Once the Disaster Recovery Center was open, Dr. Thew Hackett would go back to the site to evaluate the path of travel to ensure accessibility, and to train DRC staff on how to use different accessible tools that individuals with disabilities could benefit from utilizing.  Some of the tools included a pocket talker, reading or magnifying glasses to help with vision, iPads to provide captioning or remote interpreting, and visual cards to assist people who have difficulties with communication.  Each Disaster Recovery Center had a table with all of these tools. Dr. Thew Hackett would also train the DRC staff on some cues indicating that the survivors might be struggling with hearing or reading. From there, the DRC staff can encourage the individual to try some of the accessibility tools to lessen some of the communication frustrations during the application process. The pocket talker is the most reported tool that is used at each center, and many hard-of-hearing individuals shared their appreciation of this tool, given that the DRC is often a noisy environment. 

Another task Professor Thew Hackett performed was reaching out to local representatives in the community who served people with disabilities, to share information about the Disaster Recovery Center and the assistance that FEMA would provide for people that come to the DRCs. Dr. Thew Hackett explained,

“People with disabilities are often left out of these types of processes and do not receive accurate information about disaster assistance. We reach out to partners in the community that might be able to disseminate FEMA information to people with disabilities.”

Lastly, Dr. Thew Hackett participated with the disaster survivor assistance (DSA) crews. This is a FEMA crew that goes into communities within days after a disaster. They walk through affected areas as a small group. DSA crews primarily focus on addressing the needs of underrepresented populations that may be hard to reach by traditional channels. Sometimes these individuals have not been able to get out of their home due to washed-out roads or bridges, or their vehicle has been damaged from the disaster. For some individuals with disabilities, this might mean that their ramp that connects the individual to the outside of the house has been damaged or washed out. Hackett would go door-to-door with the DSA crew, letting people know about the resources available at the DRCs.
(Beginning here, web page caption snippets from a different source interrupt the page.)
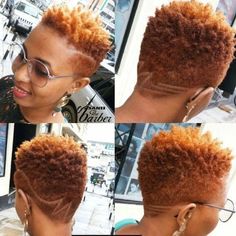 Grown Out Undercut, Natural Short Cuts, Short Natural Styles, Natural Haircuts, Natural Hair Haircuts, Short Natural Haircuts, Short Hair Designs, Shaved Hair Designs, Tapered Natural Hair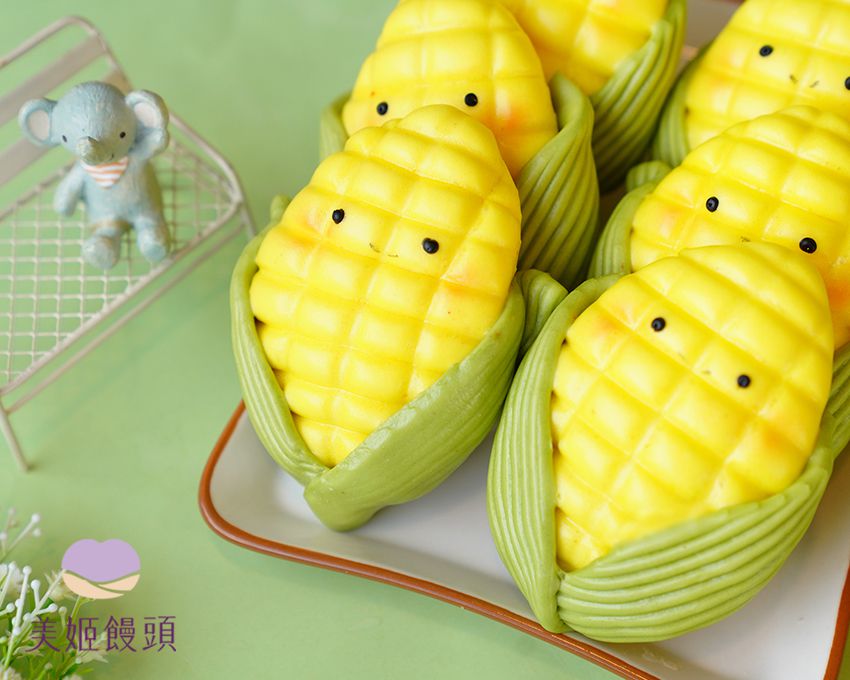 美姬饅頭 - 玉米寶寶鮮乳造型饅頭-40g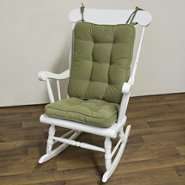 Greendale Home Fashions Standard Rocking Chair Cushion   Hyatt fabric 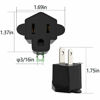 Picture of ETL Listed 3-2 Prong Converter Polarized Grounding Adapter JACKYLED 3-Prong to 2-Prong Adapter Fireproof Material 200 Resistant Wall Outlets for Household Appliances Industrial, Black, 8 Pack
Also, she also teaches the DSA crew some cues that might indicate that someone in the house might have disability or access and function needs, and how to build rapport with the families to collect the information for services. Building rapport is essential to earn trust, especially when we show up to homes wearing our FEMA uniform. 

Dr. Thew Hackett shared,

“Working for FEMA allows me to ensure that individuals with disabilities or access and function needs are not left behind during the critical period of recovery after a disaster”

The sooner the recovery begins with support, the sooner we can begin the healing process through rebuilding. This is a critical aspect for overall psychological and social well-being.